第5話 長女の存在価値
本当のところ、私は…。
そんな母のことを、どう思っていたのだろう?
それでも私は、ひたすらに勉強して、母に良い顔をしていたわけであって…。
私は、父を思うと、結局、母に関することまで、あれこれ考えてしまうのだった。
「ユキノちゃん?最期になっちゃうからさ…。手を握ってあげようよ」
クヌギサワさんが、そっと私に、言ってくれた。
「名残惜しいだろう?お父さん…」
が、私には、名残惜しかったのか何なのかが、上手く、整理できなかった。
結局私は、最後まで、父の手をとってあげることができなかった。
後々になって知ったことだが、父は、私が生まれてきたとき、こう言っていたらしかった。
「ああ、安心した。生まれてきたのが女の子で、良かった」
何てこと…と、感じられたものだ。
「どうしてなの?」
母に、聞いてみたことがあった。
すると母は、奇妙なことを、言ってきた。
「女の子が生まれてくれれば、将来、自分の精神面やら生活面を大いに助けてくれるかもしれない。だから、安心したって…、そう思ったんでしょうね」
私は、少し、考えてしまった。
「そうか…。男は、そういうことを、考えるのか。なんて、身勝手な生き物なんだろうか」
その思いに駆られていたのは、優秀な母には、バレバレだった。
「ユキノ?今、身勝手な言い方だと、思ったでしょう?」
そこで私は、ばれたのを覆い隠したい気持ちもあって、はじめから、素早く迎合していた。
「そういうことも、あるか」
そう思ってしまった私が、情けなかった。 なぜなら、よくよく考えれば、それは、やせ我慢と強がりの入り交じった、私なりの合理化に過ぎないと、気付かされたからだ。
社会は、変化し続けた。
家庭内の女の子は、かつての社会と比べ、より重い役割を、期待され続けていくことになった。
その役割の代表格は、介護だ。
以前は、長男、つまりは男が、老親の面倒を見ることを期待されていたものだった。
しかし今は、老親を中心とする、そんな家のピラミッド構造は、見事に崩壊。
女性の負担は、大きくなっていった。
特に、負担がのしかかってきたのが、長女だ。だからこそ私には、こう思えてならなかった。
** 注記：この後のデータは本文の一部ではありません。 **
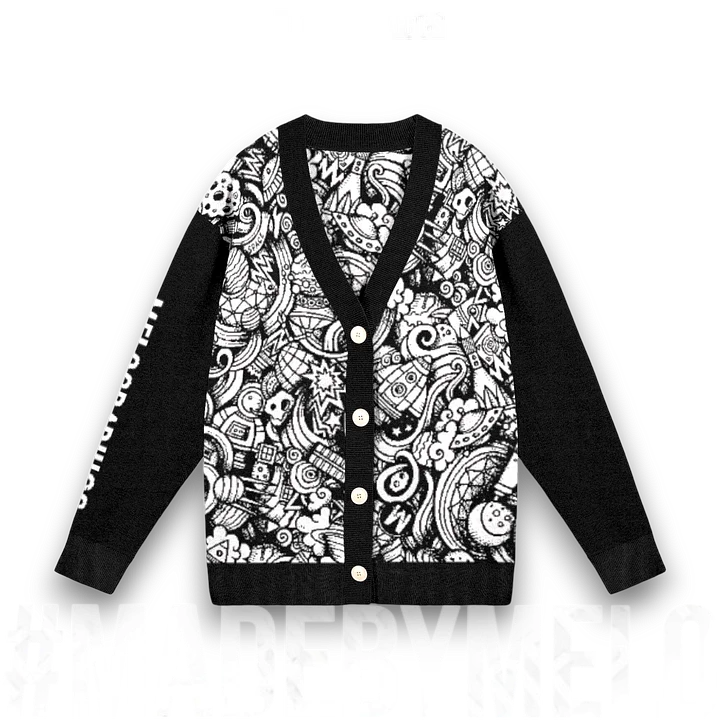 Dark Space Scribble - Knit Sweater [Cardigan] | #MadeByMELO product image (1)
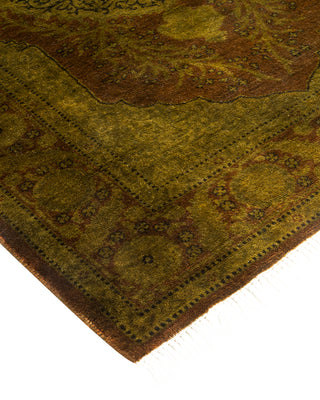 Modern Overdyed Hand Knotted Wool Gold Area Rug 2' 8" x 4' 3"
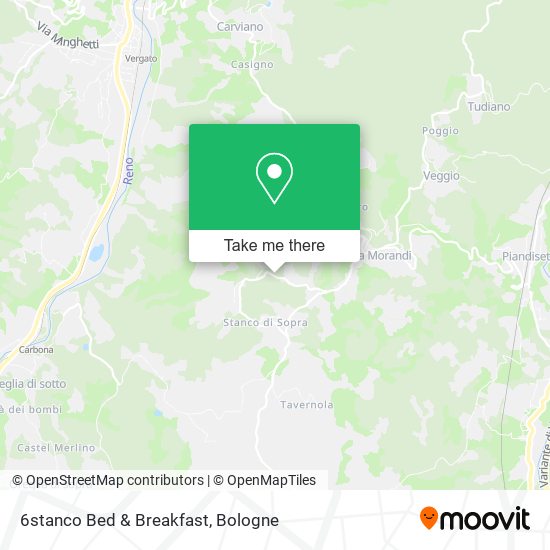 6stanco Bed & Breakfast map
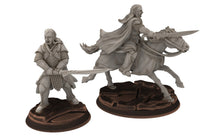 Load image into Gallery viewer, Rivandall - Regent of the river, Last Hight elves from the West, Middle rings miniatures pour wargame D&amp;D, SDA... Quatermaster3D miniatures
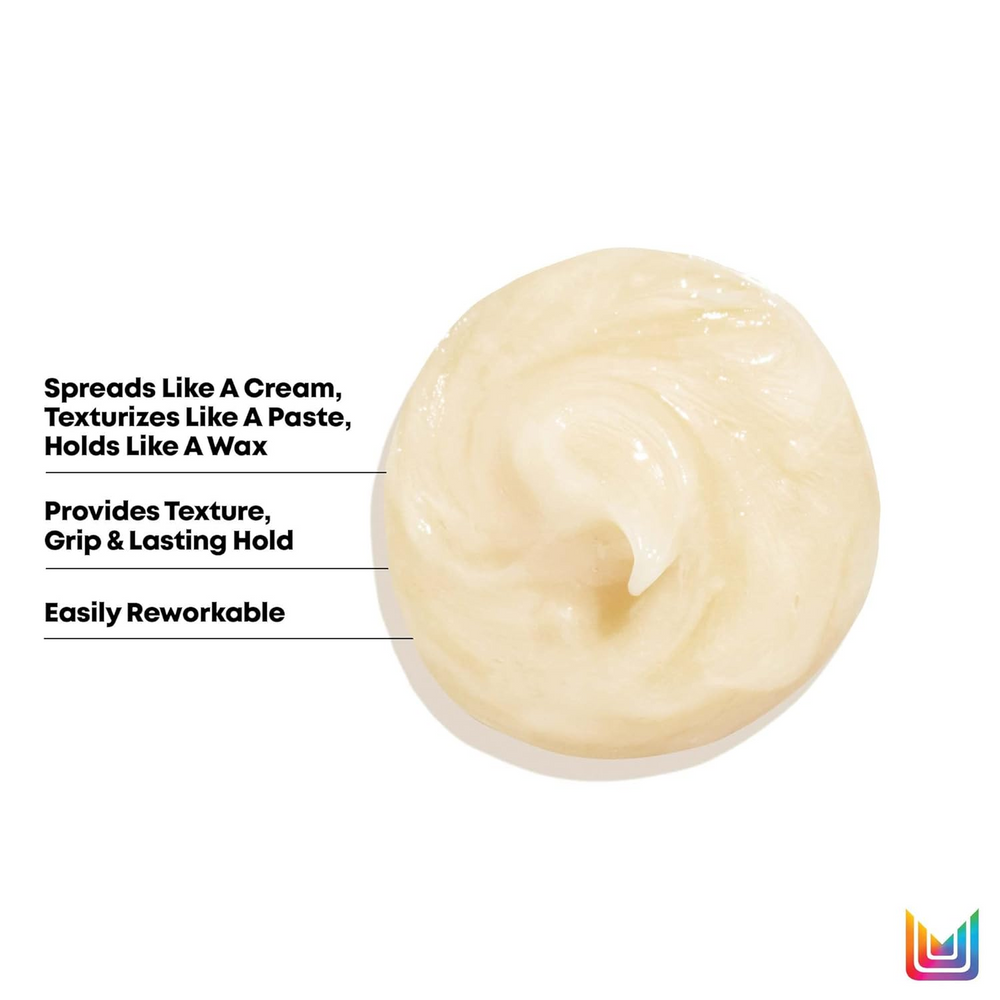 « Pot de Matrix Over Achiever 3‑in‑1 coiffant crème‑pâte‑cire, 49 g, texture lisse »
「妹っていうのは、うらやましい立ち位置よね。その代わり長女って、いっつも、損ばかりな気がするし。ツキノって、良いなあ、うらやましいなあ…」
今では、長男は、家を飛び出して、都会に働きに出かけるようになった。都会と比べ、長男や老親の住んでいた地方には、就職口がなくなってしまったためだ。そうなってしまった以上、親の期待は、特に、長女に集中していかざるを得なくなった。
それこそが、この言葉につながったのだろうか?
「生まれてきたのが女の子で、良かった」
父親という立ち位置の、真相になっていたのだろう。
「女の子がそばにいてくれれば、そのうちに、介護をしてもらえるからな」
そう、考えていたはずだ。
もちろん私には、気分の悪いことだった。「私は、お父さんを介護するために生まれ
てきたんじゃないわ!」
父は、母には遠く及ばず、努力できた私なら、超えられる存在のはずだった。
が、そんなプランは、どこへやら。
父は、超えられそうかなと見積もれたが故に、どこかで、恐れの存在だったようだ。
「…ねえ、お父さん…?」
「…おお、どうした。ツキノ?」
そうして、父と夢を語り合えた妹が、うらやましくてならなかった。
母は、私が生まれたとき、初めての子であった私を、何としてでも強く、何としてでも立派に育てようと、決意したはずだ。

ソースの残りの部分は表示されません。